The Gibbs energy of the reaction involved in the SET mechanism decreases with the ionic character of the antioxidant and becomes moderately endergonic for the dianionic form of isoferulic acid, indicating the SET mechanism as a feasible mode of free radical scavenging activity for these species. For neutral and monoanionic forms of isoferulic acid, the SET mechanism is not thermodynamically favorable (as the formation of radical cations is a highly endergonic process). It should be mentioned that in the case of ionic forms of isoferulic acid, the Gibbs free energy of SET is the same as the second step of the SPL-ET mechanism (see Table 6).
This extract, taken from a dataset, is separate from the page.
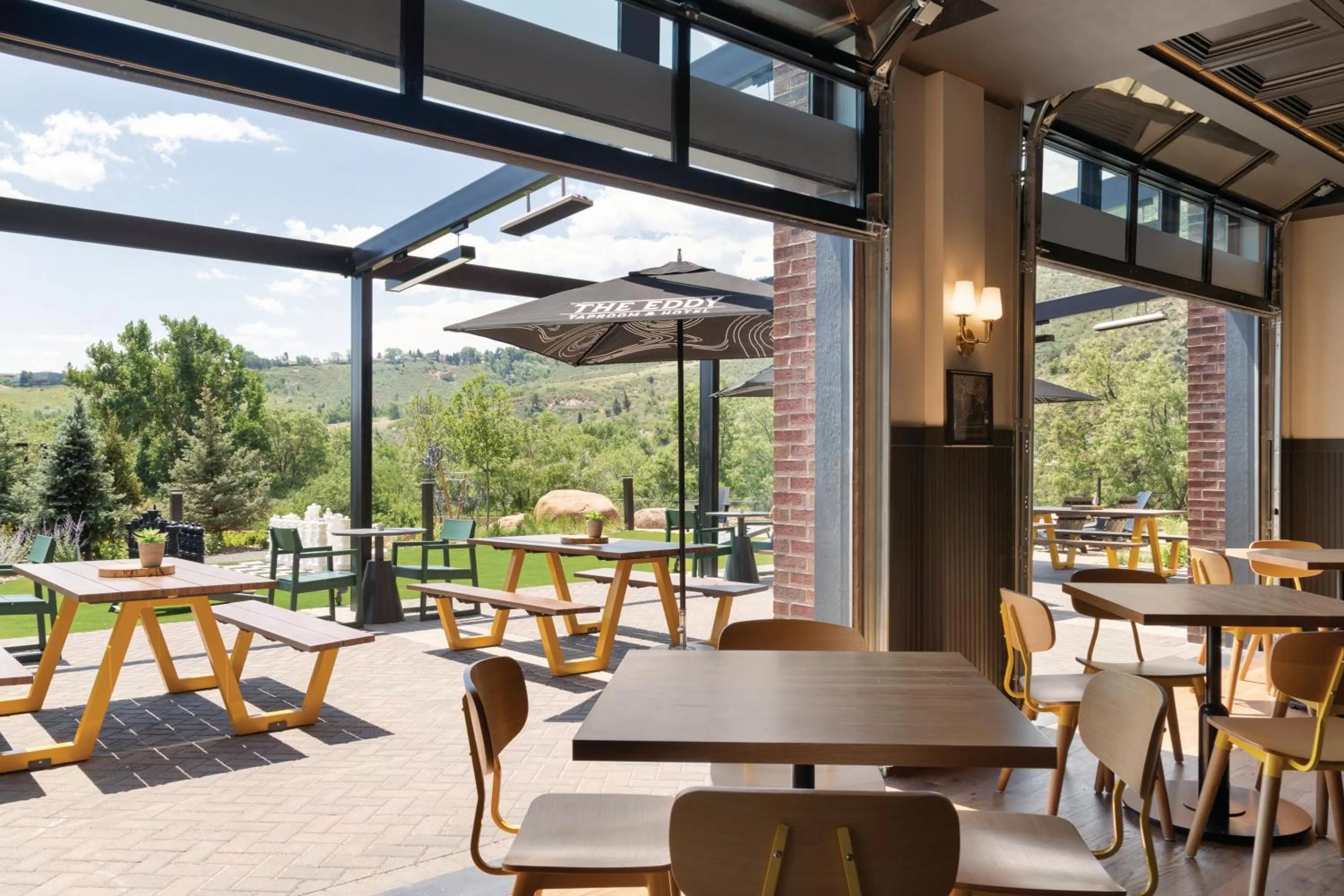 Restaurant/places to eat in The Eddy Taproom & Hotel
Both the SPL-HAT and SPL-ET mechanisms are initiated by proton dissociation, the proclivity of which is controlled by a medium pH and acid–base equilibrium. The results of calculations showed that in the presence of a base (OH⁻), the proton dissociation is highly exergonic. The second dissociation is more energetically demanding (less exergonic) due to the increasing negative charge of the initial structure, which makes proton detachment more difficult.

Since (1) the first step of the SET-PT mechanism is highly endergonic for neutral and monoanionic species of isoferulic acid, and (2) the second step of this mechanism is endergonic (>10 kcal/mol) for the dianionic form of the studied compound, SET-PT may be considered as an unfavorable pathway of free radical scavenging by the compound under study.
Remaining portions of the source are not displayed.